__WORK ITEM__
Transcribe every record in full, keeping it exactly the same.

__SUPPLIED DATA__
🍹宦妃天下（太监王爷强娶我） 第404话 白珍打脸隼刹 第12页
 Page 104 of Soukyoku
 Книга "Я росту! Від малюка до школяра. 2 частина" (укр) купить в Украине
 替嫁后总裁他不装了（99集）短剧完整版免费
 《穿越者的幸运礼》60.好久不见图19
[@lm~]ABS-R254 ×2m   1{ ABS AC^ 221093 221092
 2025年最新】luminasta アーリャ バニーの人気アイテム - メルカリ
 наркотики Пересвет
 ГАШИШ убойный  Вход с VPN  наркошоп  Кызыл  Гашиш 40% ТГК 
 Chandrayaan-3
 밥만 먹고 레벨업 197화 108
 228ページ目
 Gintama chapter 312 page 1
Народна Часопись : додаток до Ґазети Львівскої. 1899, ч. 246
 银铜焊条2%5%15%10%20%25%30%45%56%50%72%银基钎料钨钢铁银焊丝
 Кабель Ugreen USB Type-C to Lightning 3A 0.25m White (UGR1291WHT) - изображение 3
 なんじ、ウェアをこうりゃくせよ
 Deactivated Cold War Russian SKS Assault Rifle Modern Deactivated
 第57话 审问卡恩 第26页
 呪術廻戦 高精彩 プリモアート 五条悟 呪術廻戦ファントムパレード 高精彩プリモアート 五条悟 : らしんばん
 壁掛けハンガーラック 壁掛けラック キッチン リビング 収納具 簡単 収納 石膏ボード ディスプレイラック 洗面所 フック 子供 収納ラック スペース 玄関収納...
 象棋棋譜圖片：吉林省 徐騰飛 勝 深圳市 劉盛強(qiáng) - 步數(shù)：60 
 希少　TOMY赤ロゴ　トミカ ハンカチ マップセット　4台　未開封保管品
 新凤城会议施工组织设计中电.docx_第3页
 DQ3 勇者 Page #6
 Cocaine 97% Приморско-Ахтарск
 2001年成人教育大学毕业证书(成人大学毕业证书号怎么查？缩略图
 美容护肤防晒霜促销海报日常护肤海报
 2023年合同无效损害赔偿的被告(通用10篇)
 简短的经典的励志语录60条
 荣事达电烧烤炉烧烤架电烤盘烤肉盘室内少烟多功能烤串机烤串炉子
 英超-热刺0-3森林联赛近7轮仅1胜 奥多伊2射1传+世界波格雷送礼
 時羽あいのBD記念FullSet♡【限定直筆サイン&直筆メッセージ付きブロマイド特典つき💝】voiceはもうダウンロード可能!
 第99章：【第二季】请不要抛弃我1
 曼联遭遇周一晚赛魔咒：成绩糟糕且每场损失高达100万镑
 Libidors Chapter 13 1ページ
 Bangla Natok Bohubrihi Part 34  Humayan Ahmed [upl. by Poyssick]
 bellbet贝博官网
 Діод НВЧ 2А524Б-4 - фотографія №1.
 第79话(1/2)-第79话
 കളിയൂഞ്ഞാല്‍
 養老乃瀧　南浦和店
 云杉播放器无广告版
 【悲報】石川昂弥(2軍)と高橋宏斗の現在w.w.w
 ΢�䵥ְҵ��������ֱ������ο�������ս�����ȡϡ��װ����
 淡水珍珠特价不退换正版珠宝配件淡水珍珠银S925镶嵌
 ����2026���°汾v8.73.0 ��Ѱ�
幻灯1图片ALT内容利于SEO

__SOLVED EXERCISE__
🍹宦妃天下（太监王爷强娶我） 第404话 白珍打脸隼刹 第12页
 Page 104 of Soukyoku
 Книга "Я росту! Від малюка до школяра. 2 частина" (укр) купить в Украине
 替嫁后总裁他不装了（99集）短剧完整版免费
 《穿越者的幸运礼》60.好久不见图19
[@lm~]ABS-R254 ×2m   1{ ABS AC^ 221093 221092
 2025年最新】luminasta アーリャ バニーの人気アイテム - メルカリ
 наркотики Пересвет
 ГАШИШ убойный  Вход с VPN  наркошоп  Кызыл  Гашиш 40% ТГК 
 Chandrayaan-3
 밥만 먹고 레벨업 197화 108
 228ページ目
 Gintama chapter 312 page 1
Народна Часопись : додаток до Ґазети Львівскої. 1899, ч. 246
 银铜焊条2%5%15%10%20%25%30%45%56%50%72%银基钎料钨钢铁银焊丝
 Кабель Ugreen USB Type-C to Lightning 3A 0.25m White (UGR1291WHT) - изображение 3
 なんじ、ウェアをこうりゃくせよ
 Deactivated Cold War Russian SKS Assault Rifle Modern Deactivated
 第57话 审问卡恩 第26页
 呪術廻戦 高精彩 プリモアート 五条悟 呪術廻戦ファントムパレード 高精彩プリモアート 五条悟 : らしんばん
 壁掛けハンガーラック 壁掛けラック キッチン リビング 収納具 簡単 収納 石膏ボード ディスプレイラック 洗面所 フック 子供 収納ラック スペース 玄関収納...
 象棋棋譜圖片：吉林省 徐騰飛 勝 深圳市 劉盛強(qiáng) - 步數(shù)：60 
 希少　TOMY赤ロゴ　トミカ ハンカチ マップセット　4台　未開封保管品
 新凤城会议施工组织设计中电.docx_第3页
 DQ3 勇者 Page #6
 Cocaine 97% Приморско-Ахтарск
 2001年成人教育大学毕业证书(成人大学毕业证书号怎么查？缩略图
 美容护肤防晒霜促销海报日常护肤海报
 2023年合同无效损害赔偿的被告(通用10篇)
 简短的经典的励志语录60条
 荣事达电烧烤炉烧烤架电烤盘烤肉盘室内少烟多功能烤串机烤串炉子
 英超-热刺0-3森林联赛近7轮仅1胜 奥多伊2射1传+世界波格雷送礼
 時羽あいのBD記念FullSet♡【限定直筆サイン&直筆メッセージ付きブロマイド特典つき💝】voiceはもうダウンロード可能!
 第99章：【第二季】请不要抛弃我1
 曼联遭遇周一晚赛魔咒：成绩糟糕且每场损失高达100万镑
 Libidors Chapter 13 1ページ
 Bangla Natok Bohubrihi Part 34  Humayan Ahmed [upl. by Poyssick]
 bellbet贝博官网
 Діод НВЧ 2А524Б-4 - фотографія №1.
 第79话(1/2)-第79话
 കളിയൂഞ്ഞാല്‍
 養老乃瀧　南浦和店
 云杉播放器无广告版
 【悲報】石川昂弥(2軍)と高橋宏斗の現在w.w.w
 ΢�䵥ְҵ��������ֱ������ο�������ս�����ȡϡ��װ����
 淡水珍珠特价不退换正版珠宝配件淡水珍珠银S925镶嵌
 ����2026���°汾v8.73.0 ��Ѱ�
幻灯1图片ALT内容利于SEO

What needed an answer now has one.